● Directions: Every entry below should be reproduced exactly, with all pictures left out.

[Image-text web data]
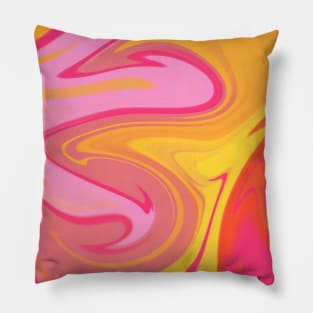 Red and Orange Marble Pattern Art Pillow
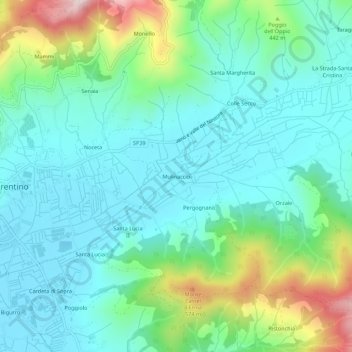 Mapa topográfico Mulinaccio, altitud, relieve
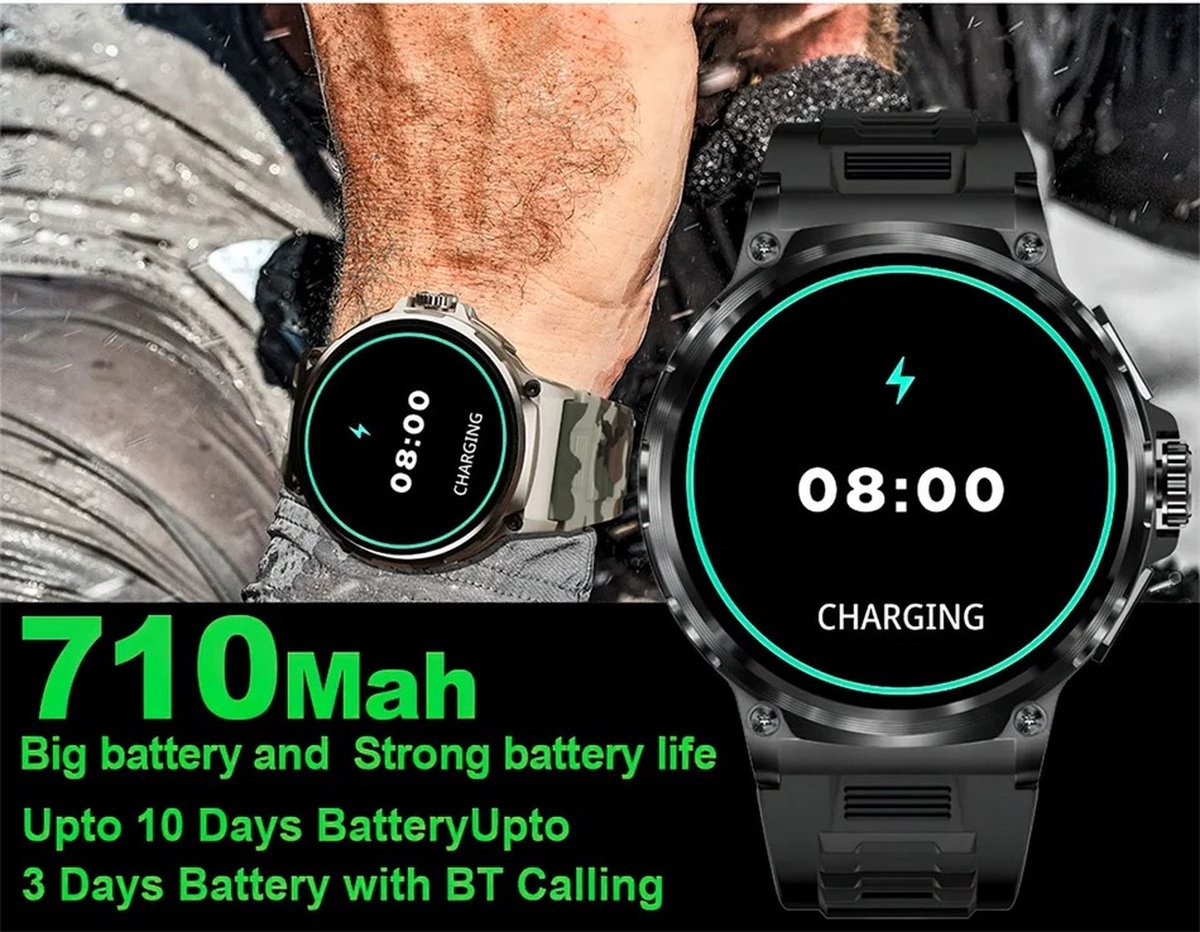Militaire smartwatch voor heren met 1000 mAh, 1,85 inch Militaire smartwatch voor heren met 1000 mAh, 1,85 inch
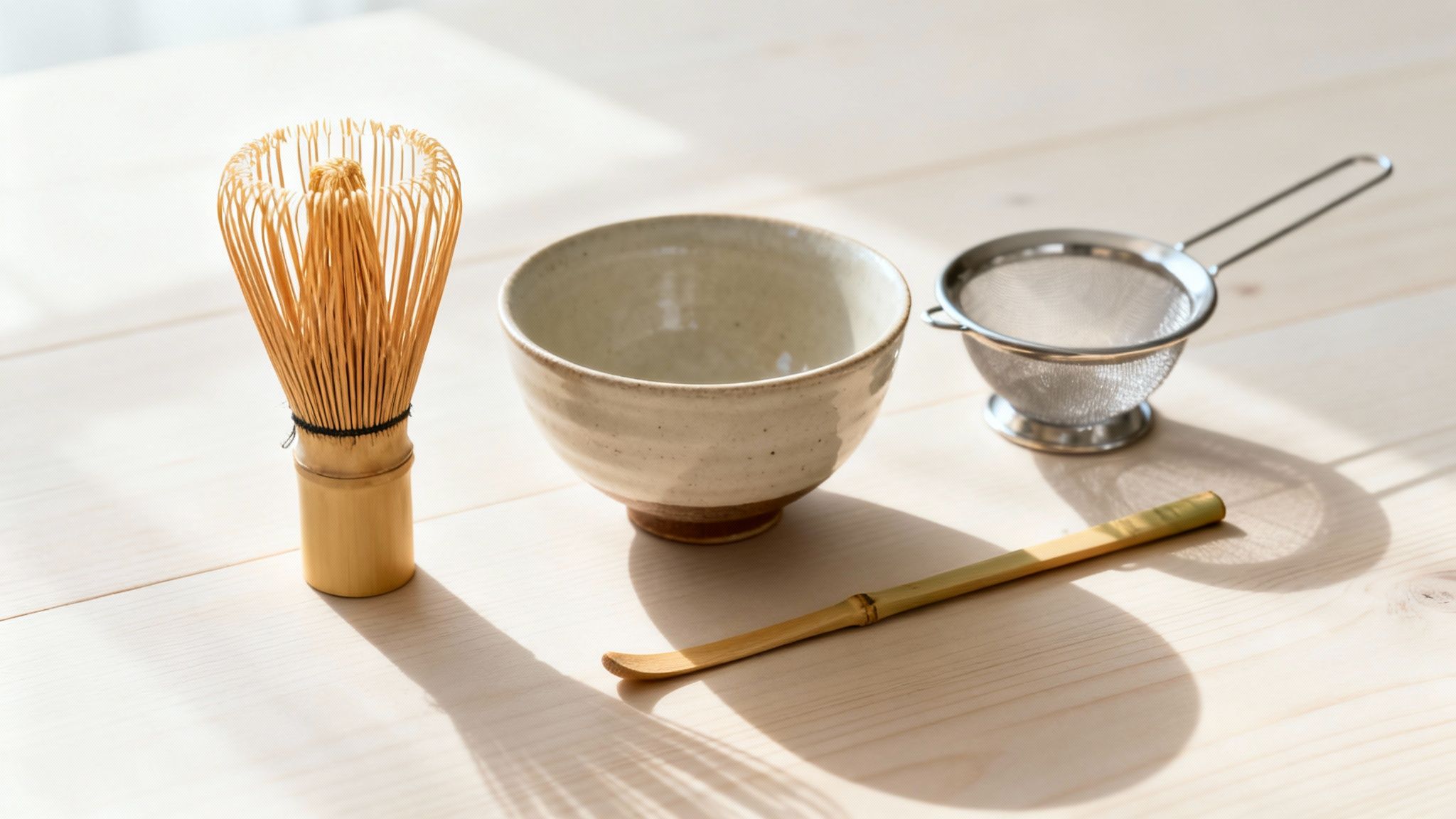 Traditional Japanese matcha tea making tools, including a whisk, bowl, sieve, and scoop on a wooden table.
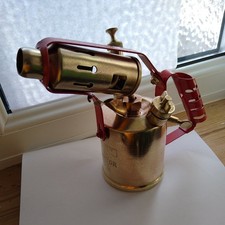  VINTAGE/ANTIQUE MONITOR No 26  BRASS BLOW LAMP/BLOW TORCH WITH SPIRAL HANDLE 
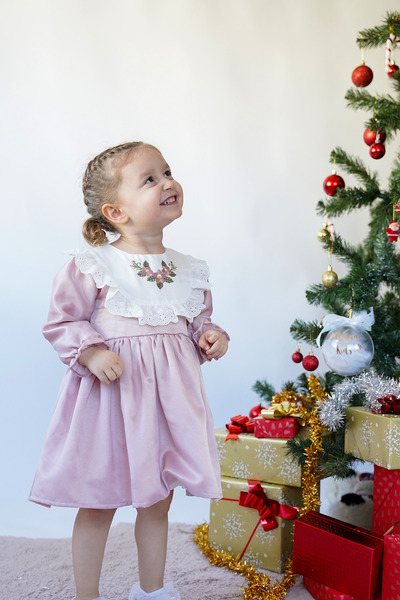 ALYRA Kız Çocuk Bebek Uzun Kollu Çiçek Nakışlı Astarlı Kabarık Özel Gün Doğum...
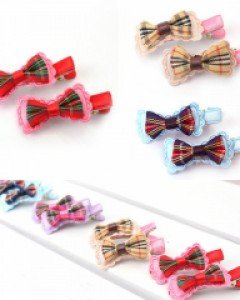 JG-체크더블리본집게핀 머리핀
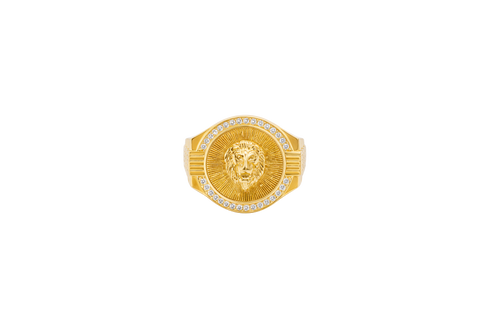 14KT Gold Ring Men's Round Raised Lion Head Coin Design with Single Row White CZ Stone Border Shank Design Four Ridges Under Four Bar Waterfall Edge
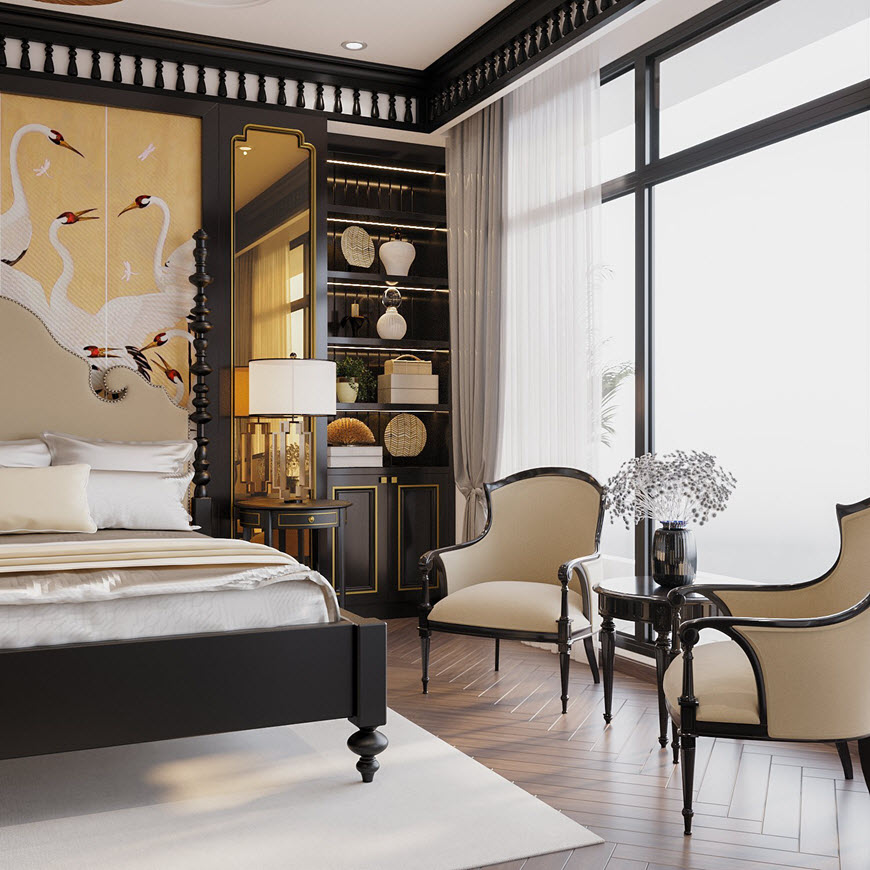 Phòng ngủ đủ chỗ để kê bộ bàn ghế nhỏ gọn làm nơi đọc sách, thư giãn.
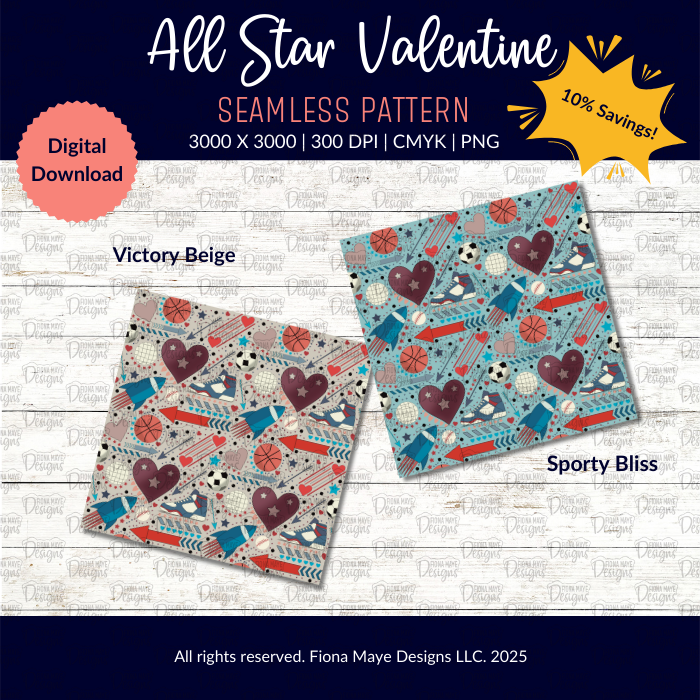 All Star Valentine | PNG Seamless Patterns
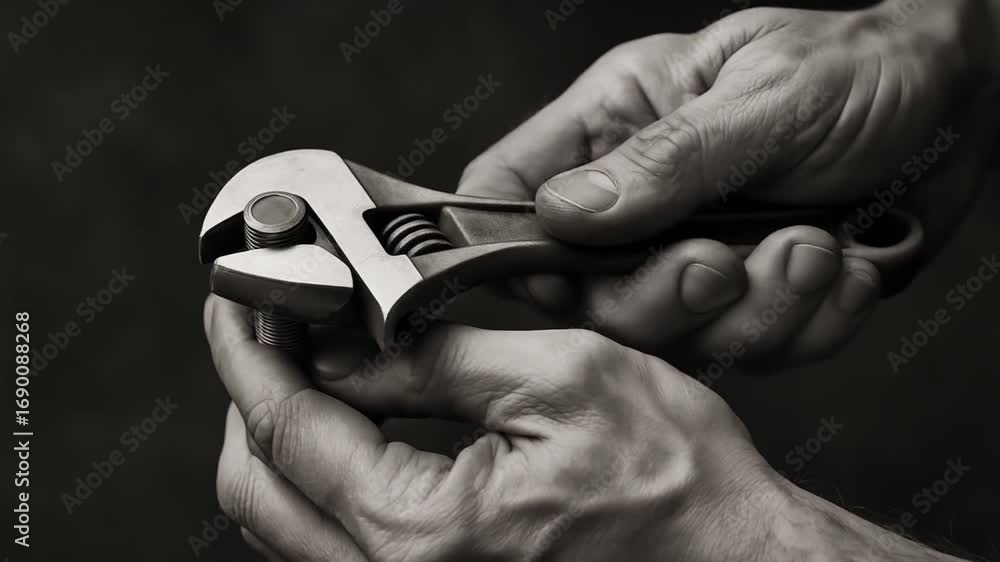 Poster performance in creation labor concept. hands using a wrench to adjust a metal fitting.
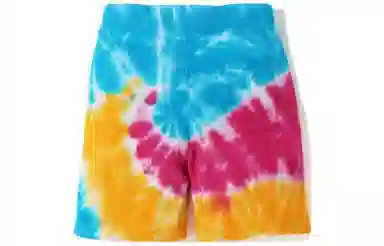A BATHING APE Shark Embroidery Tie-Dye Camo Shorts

● Task output:
 Red and Orange Marble Pattern Art Pillow
 Mapa topográfico Mulinaccio, altitud, relieve
Militaire smartwatch voor heren met 1000 mAh, 1,85 inch Militaire smartwatch voor heren met 1000 mAh, 1,85 inch
 Traditional Japanese matcha tea making tools, including a whisk, bowl, sieve, and scoop on a wooden table.
  VINTAGE/ANTIQUE MONITOR No 26  BRASS BLOW LAMP/BLOW TORCH WITH SPIRAL HANDLE 
 ALYRA Kız Çocuk Bebek Uzun Kollu Çiçek Nakışlı Astarlı Kabarık Özel Gün Doğum...
 JG-체크더블리본집게핀 머리핀
 14KT Gold Ring Men's Round Raised Lion Head Coin Design with Single Row White CZ Stone Border Shank Design Four Ridges Under Four Bar Waterfall Edge
 Phòng ngủ đủ chỗ để kê bộ bàn ghế nhỏ gọn làm nơi đọc sách, thư giãn.
 All Star Valentine | PNG Seamless Patterns
 Poster performance in creation labor concept. hands using a wrench to adjust a metal fitting.
A BATHING APE Shark Embroidery Tie-Dye Camo Shorts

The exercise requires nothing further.